Evidemment, ils préféreraient posséder une vraie BMW ou au moins «un mode de vie BMW»(...). Ils rêvent souvent, mais souvent, ils détruisent eux-mêmes ces rêves, comme un misérable peintre déchire lui-même ses esquisses : «Si nous continuons à travailler comme ça, on va finir par arrêter de rêver pour le restant de nos vies».

Ils fabriquent des produits électroniques de pointe pour le monde entier et ils économisent au rythme le plus lent qui soit. Ils ont un code d'accès à un service qui se termine par 888 : comme beaucoup d'hommes d'affaires, ils adorent ce chiffre et ils idolâtrent son équivalent phonétique, «riche».

Wang Kezhu, un gros travailleur, se plaignait des salaires trop bas, mais quand il s'est renseigné pour suivre des cours à l'extérieur, il «ne comprenait pas un mot» et il a abandonné.

Il disait qu'avec peu d'éducation, il ne pouvait qu'accepter le premier travail qu'on lui proposait, et que c'était ça son destin. (...) Je lui ai demandé pourquoi il travaillait si dur, mais il ne me répondait jamais. Jusqu'à ce qu'un matin je le vois s'arrêter devant un pilier et soudainement crier «à l'aide».


ZHANG DUNFU : « Une frustration profonde face aux conditions de vie »

ZHANG DUNFU, sociologue à l'université de Shanghaï

M. Zhang fait partie des neuf sociologues chinois signataires, le 18 mai, d'un appel qui a circulé sur Internet, « pour résoudre le problème des nouvelles générations de migrants » et « faire cesser la tragédie de Foxconn ».

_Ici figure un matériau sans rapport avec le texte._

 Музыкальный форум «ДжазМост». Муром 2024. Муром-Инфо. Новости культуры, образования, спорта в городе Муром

Quels enseignements tirez-vous du malaise social révélé par les suicides chez Foxconn, les revendications salariales chez Honda, ou les faits divers violents de ces derniers temps ?

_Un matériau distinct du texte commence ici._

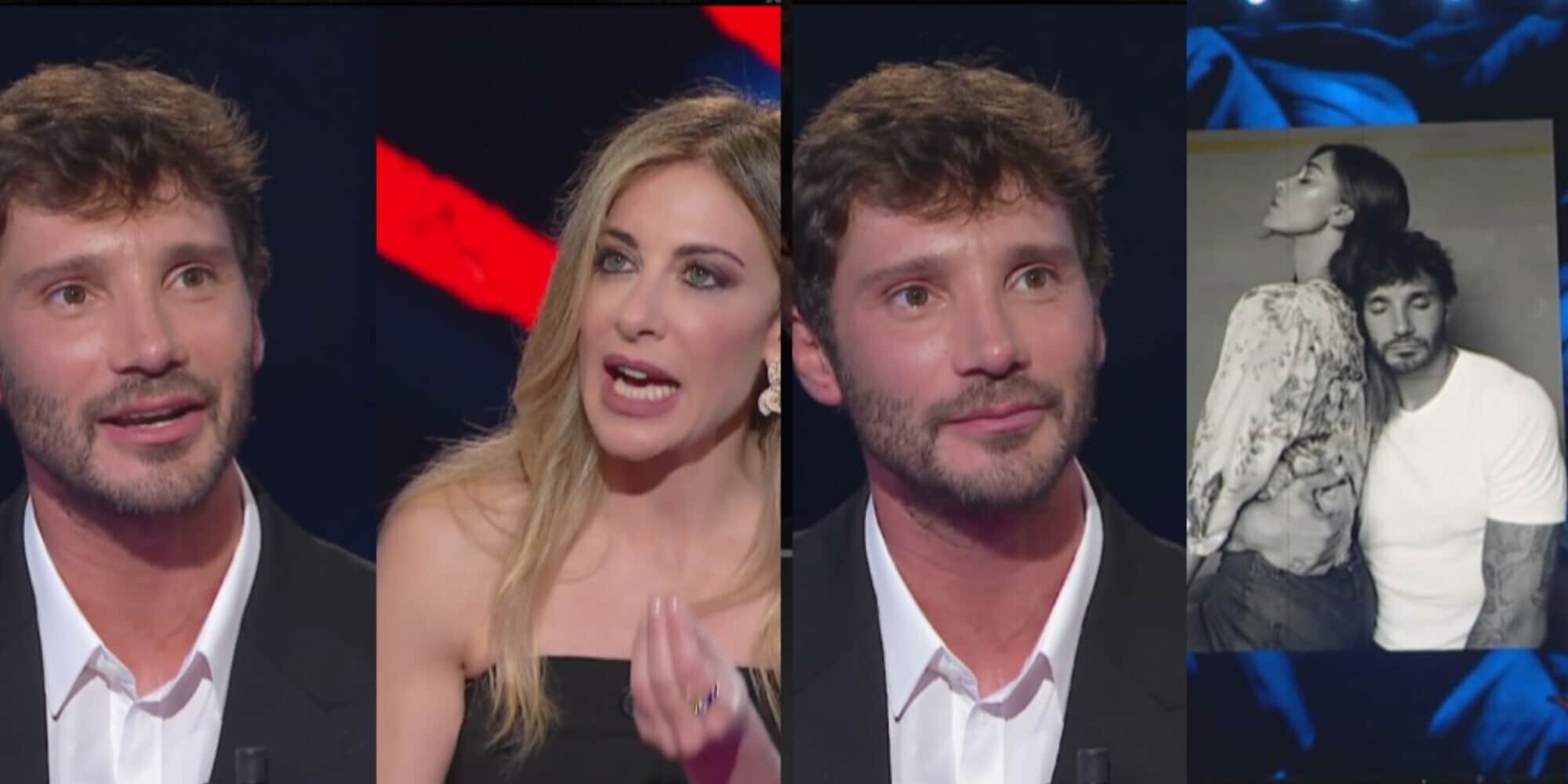 De Martino a Belve: "Nessun tradimento. Belen, tocca ridivorziare"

- Le gouvernement chinois a tout à fait les moyens de garder la situation sous contrôle, d'empêcher que ça se propage. Et les gens vont oublier. Mais ça ne veut pas dire que d'autres événements similaires ne vont pas se produire, que ce soit des grèves, des suicides ou des crimes. On décèle chez les auteurs de ces actes une frustration profonde face à leurs conditions de vie.

Ce qui est perçu comme une stratification sociale très rigide entre certaines catégories de gens est source de conflits insolubles. Il y a un fossé dans le monde du travail entre ceux qui sont sur les lignes de production, les managers et les investisseurs étrangers. Les ouvriers ont l'impression d'appartenir à un autre monde.

Comment expliquez-vous le malaise des nouvelles générations de « paysans ouvriers » face au mode de vie urbain ?

- Les jeunes qui viennent de la campagne ressentent une forte discrimination à leur égard. Ils logent, mangent, s'amusent dans des endroits différents de ceux des jeunes des villes. Ils ont souvent une faible estime d'eux-mêmes, ce qui peut conduire au suicide.

La nouvelle génération découvre un monde très différent de celui que connaissaient leurs aînés : de superbes voitures, des lieux de divertissement toujours plus clinquants. Ils appartiennent à ce monde splendide mais il leur est inaccessible.

Et ils constatent l'existence de doubles standards, dans la manière dont ils sont traités, que ce soit par la police, les administrations...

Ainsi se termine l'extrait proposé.